当时的班社制度,每人都有固定的戏份。像这种赠予,是例外的。因为各人的家庭环境、经济状况不同,所以随时斟酌实际情况,用这种手法来加以照顾。吴先生还说,当每个人拿到这类赠予的款项的时候,往往也正是他最迫切需要这笔钱的时候。
学花旦戏
这时候除了吴先生教授青衣之外,我的姑丈秦稚芬和我伯母的弟弟胡二庚(胡喜禄的侄儿,是唱丑角的),常来带着教我们花旦戏。就这样一面学习,一面表演,双管齐下,同时并进,我的演技倒是进步得相当的快。
在我们学戏以前,青衣、花旦两工,界限是划分得相当严格的。
花旦的重点在表情、身段、科诨。服装彩色也趋向于夸张、绚烂。这种角色在旧戏里代表着活泼、浪漫的女性。花旦的台步、动作与青衣是有显著的区别的,同时在嗓音、唱腔方面的要求倒并不太高。科班里的教师随时体察每一个学艺者的天赋,来支配他的工作。譬如面部肌肉运动不够灵活,内行称为“整脸子”。体格、线条臃肿不灵,眼神运用也不活泼,这都不利于演唱花旦。
青衣专重唱工,对于表情、身段是不甚讲究的。面部表情,大多是冷若冰霜。出场时必须采取抱肚子身段,一手下垂,一身置于腹部,稳步前进,不许倾斜。这种角色在旧剧里代表着严肃、稳重,是典型的正派女性。因此这一类的人物,出现在舞台上,观众对他的要求,只是唱工,而并不注意他的动作和表情,形成了重听而不重看的习惯。
那时观众上戏馆,都称听戏,如果说是看戏,就会有人讥笑他是外行了。有些观众,遇到台上大段唱工,索性闭上眼睛,手里拍着板眼,细细咀嚼演员的一腔一调,一字一音。听到高兴的时候,提起了嗓子,用大声喝一个彩,来表示他的满意。戏剧圈里至今还流传有两句俚语:“唱戏的是疯子,听戏的是傻子。

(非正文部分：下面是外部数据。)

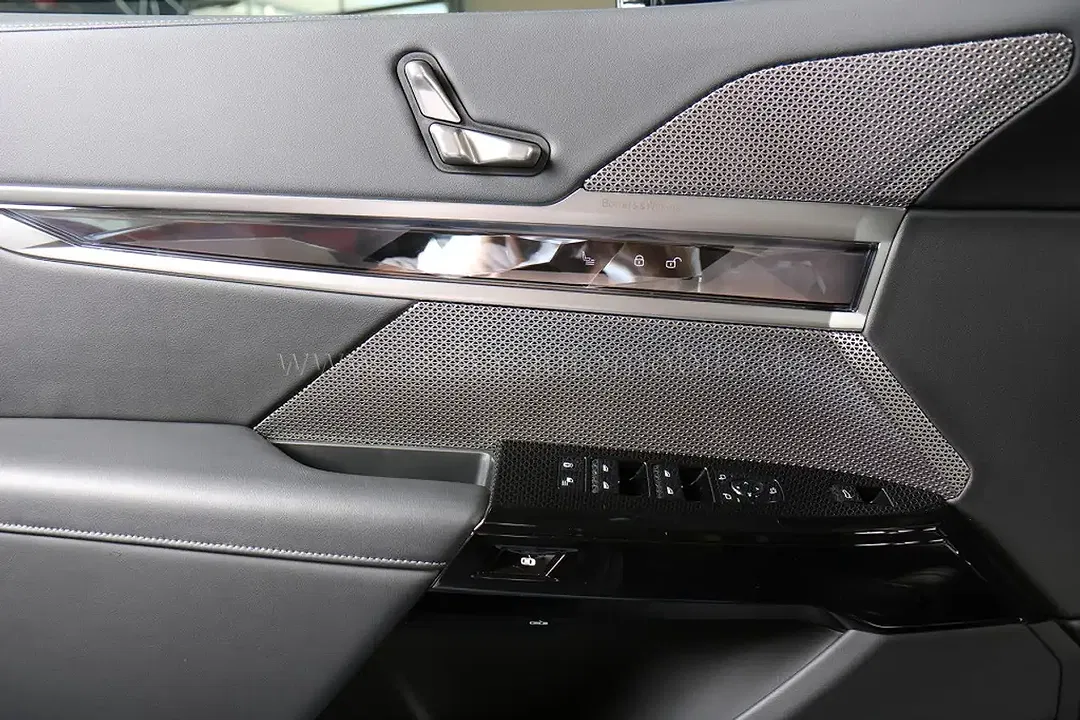 BMW 740 - Thumbnail 4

”这两句话非常恰当地描写出当时戏院里的情形。
青衣这样的表演形式保持得相当长久。一直到前清末年才起了变化。首先突破这一藩篱的是王瑶卿先生,他注意到表情与动作,演技方面才有了新的发展。可惜王大爷正当壮年就“塌中”了(幼年发育时嗓音转变,叫做倒仓;中年人音败叫做塌中)。我是向他请教过而按着他的路子来完成他的未竟之功的。
学跷工和武工
前辈们的功夫真是结实,文的武的,哪一样不练。像《思凡下山》、《活捉三郎》、《访鼠测字》这三出的身段,戏是文丑应工,要没有很深的武工底子,是无法表演的。
再拿老生来说,当年孙菊仙、谭鑫培、汪桂芬三位老先生,同享盛名,他们的唱法至今还流传着成为三大派别。可是讲到身段,一般舆论,津津乐道的,那就只有谭老先生了。原因是这三位里面,惟有谭老先生,早年是唱武生的,武工很深,到了晚年在《定军山》、《战太平》这一类开打戏里,要用把子,本来就是他的看家本领,当然表演得比别人更好看。就连文戏里,他有些难能可贵的身段,也都靠幼年武工底子才能这样出色当行的。可见我们这一行,真不简单,文、武、昆、乱哪一门都够你学上一辈子。要成为一个好演员,除了经过长期的锻炼,还要本身天赋条件样样及格。譬如眼睛呆板无神,嗓子不搭调,这些天生缺憾,都是人工所无法补救的。
还有练武工的,腿腕的骨骼部位,都有关系。有些体格不利于练武,勉强学习,往往造成意外损伤,抱恨终身。
天赋方面具备了各种优良的条件,还要有名师指授,虚心接受批评,再拿本身在舞台上多少年的实际经验,融会贯通以后,才能成为一个十全十美的名演员。
我记得幼年练工,是用一张长板凳,上面放着一块长方砖,我踩着跷,站在这块砖上,要站一炷香的时间,起初站上去,战战兢兢,异常痛楚,没有多大工夫就支持不住,只好跳下来。但是日子一长,腰腿有了劲,渐渐站稳了。
冬天在冰地里,踩着跷,打把子,跑圆场,起先一不留神就摔跤,可是踩着跷在冰上跑惯,不踩跷到了台上就觉得轻松容易。凡事必须先难后易,方能苦尽甘来。